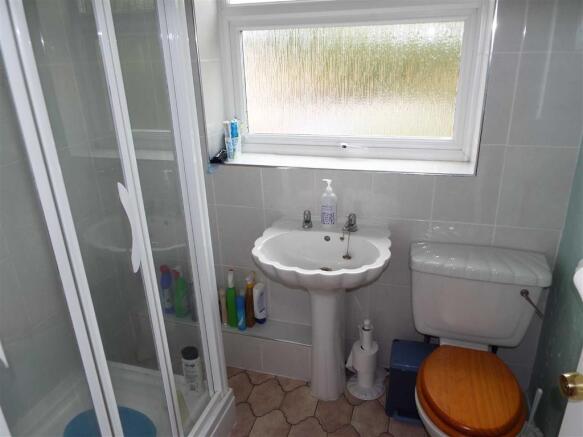 SHOWER ROOM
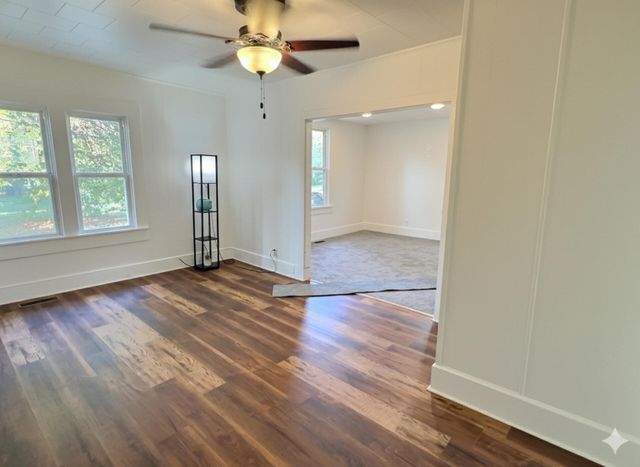 1239 N Main Street, Nevada, MO 64772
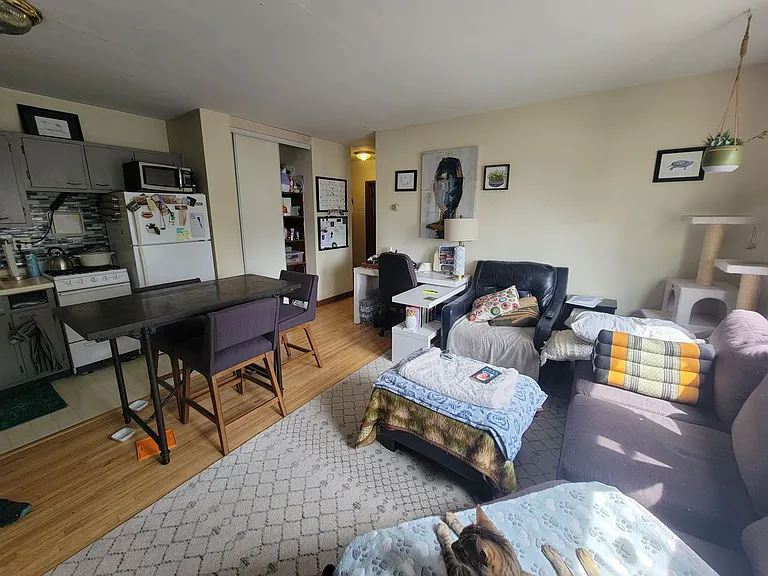327 University Ave SE — Photo 15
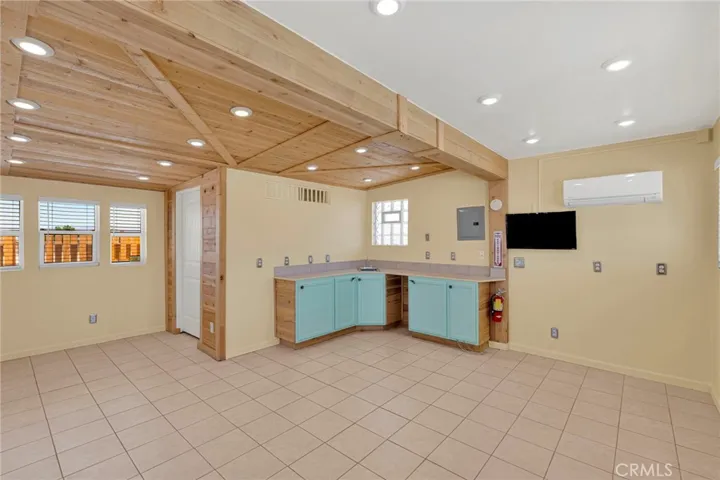 32838 Old Woman Springs, Lucerne Valley, California 92356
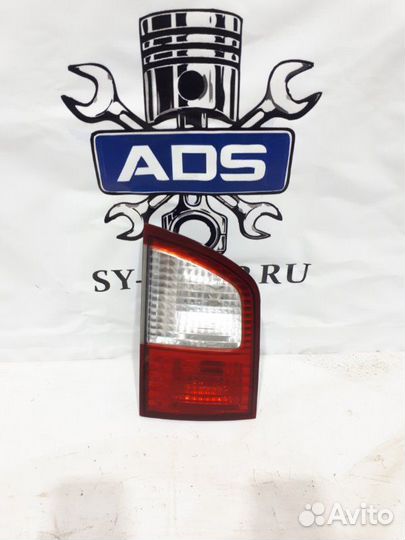 Фонарь внутренний правый Ssangyong Kyron 1 D20DT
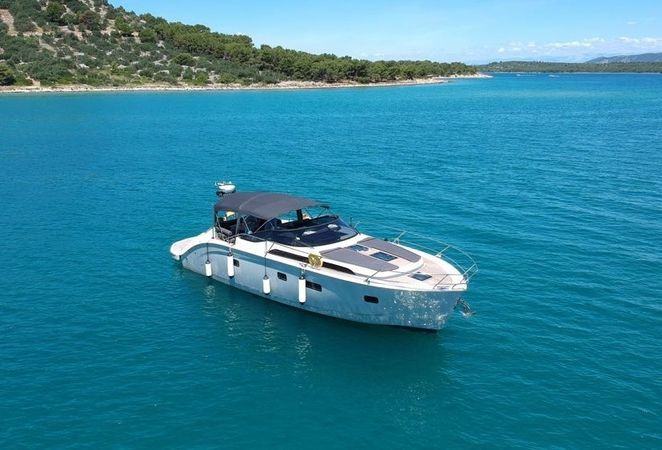 Bavaria Deep Blue 46 | La Onda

====================

Only the pictures are left behind; write out everything else in the records exactly.

 SHOWER ROOM
 1239 N Main Street, Nevada, MO 64772
327 University Ave SE — Photo 15
 32838 Old Woman Springs, Lucerne Valley, California 92356
 Фонарь внутренний правый Ssangyong Kyron 1 D20DT
 Bavaria Deep Blue 46 | La Onda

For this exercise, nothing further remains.